[Data segment Boundary: Start]

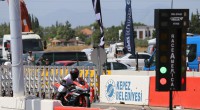 Kepez’de motodrag yarışları nefesleri kesti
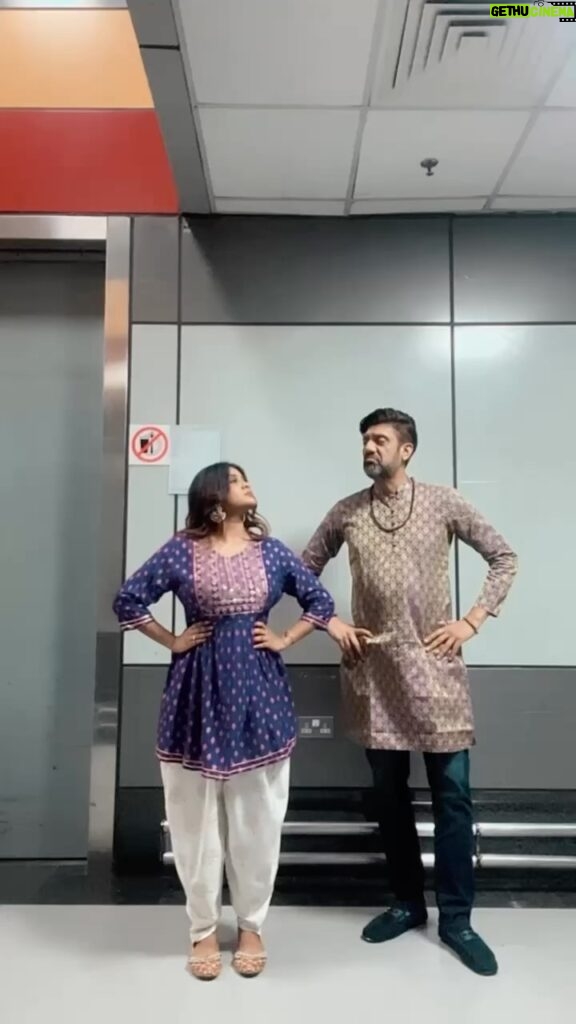 Punnagai Poo Gheetha Instagram - Vicky and I tried this super fun dance move. Post your Fun Maaro hook step on Ur FB, Instagram or Tik Tok, type: #Fun maaro U may stand a chance to watch Sila Nodigalil on 24th Nov with the Cast Richard Rishi, Yashika & Punnagai Poo Gheetha #funmaaro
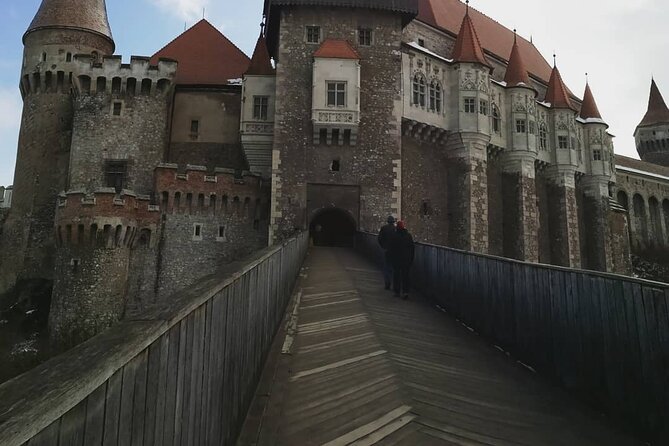 Transylvania Region In-Depth (5 Days Private Tour from Bucharest) - What the guide adds to the experience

[Data segment Boundary: End]

### Task
Only the lines from the one containing "Punnagai Poo Gheetha Instagram" through the last line of the material should be returned, exactly and without pictures.

### Result for this exercise
 Punnagai Poo Gheetha Instagram - Vicky and I tried this super fun dance move. Post your Fun Maaro hook step on Ur FB, Instagram or Tik Tok, type: #Fun maaro U may stand a chance to watch Sila Nodigalil on 24th Nov with the Cast Richard Rishi, Yashika & Punnagai Poo Gheetha #funmaaro
 Transylvania Region In-Depth (5 Days Private Tour from Bucharest) - What the guide adds to the experience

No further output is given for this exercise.